There’s a reason why Paradise City is called just that. The resort complex, the first of its kind in Northeast Asia, merges art, entertainment and relaxation over a 330,000-square-metre plot of land 50km away from the South Korean capital, and is meant to feel like a complete escape, an entirely different city, utopia.
With restaurants, shopping options, spas, clubs, carnivals and a casino, it’s hard to believe all of this is just right next to the airport. It’s also home to a multimillion-dollar art collection that’s prominently displayed in all its public spaces. Art enthusiasts can even book themselves in for a guided tour – which we promptly did. Sean Park, collection manager at Paradise City, kindly tours the space with us and shows us seven highlights out of over 3,000 art pieces.

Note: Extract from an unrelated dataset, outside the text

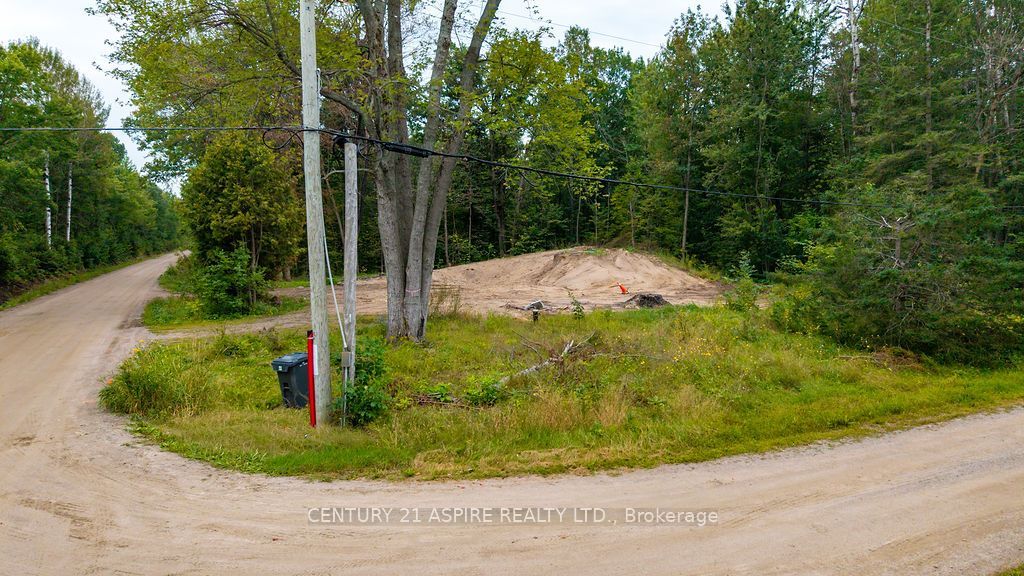 201 Sand Point Road, Whitewater Region, ON K8A 6W2 photo 5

The first piece is Golden Legend by Damien Hirst, a terrifyingly surreal and dominating Pegasus that stands at 4.5 tall right at the entrance of the resort. The winged horse is perfectly split in the middle, one half is in gold, and the other, in true Hirst fashion, strips the horse down to muscle and bone. Park tells us it explores the duality between real and fantasy, and with this piece to greet everyone who enters Paradise City, she hopes that guests can leave their daily stresses behind and fully enjoy the fantasy that the resort offers.
Deeper into Paradise and dangling above our heads is a giant chandelier – seven metres in length and blinding, but to our surprise, Park tells us that the work has no light source. Instead, the work bounces light and colours from around the room, adding a very unique aura to the ambience. The work, called Your Crystal, is by Korean artist Mioon.

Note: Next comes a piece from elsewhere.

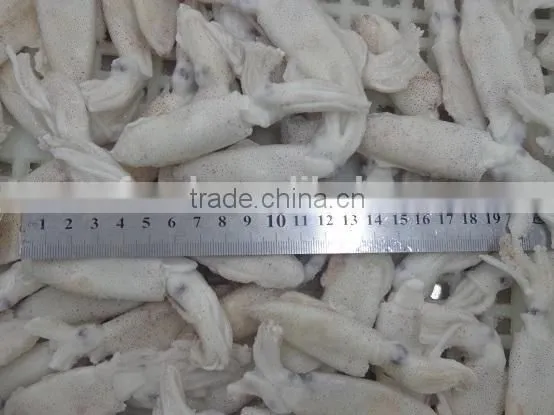 Frozen IQF north China baby squid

Further into the tour, we’re struck Lee Sea-Hyun’s Between Red – 016NOV, which is entirely painted out of one colour and comforted by Kim Tschang-yeul’s hyperrealistic Waterdrops. We’re bowled over by the largest Proust chair we’ve seen – hot tip: spot Alessandro Mendini’s signature on the Paradise Proust chair, which the artist added when he visited Paradise City in 2017. We’re enchanted by Jeff Koon’s Herculean blue-balled plaster sculpture and left self-reflective standing in front of Anish Kapoor’s C-Curve, where your image is distorted and turned upside down against the mirrored surface.
We’ve only covered seven, but there’s so much art to see, it’s a real feast for the eyes. Coming back to Golden Legend by Damien Hirst at the end of the tour, it certainly feels like a fantasy; a fantasy that we certainly couldn’t get enough of.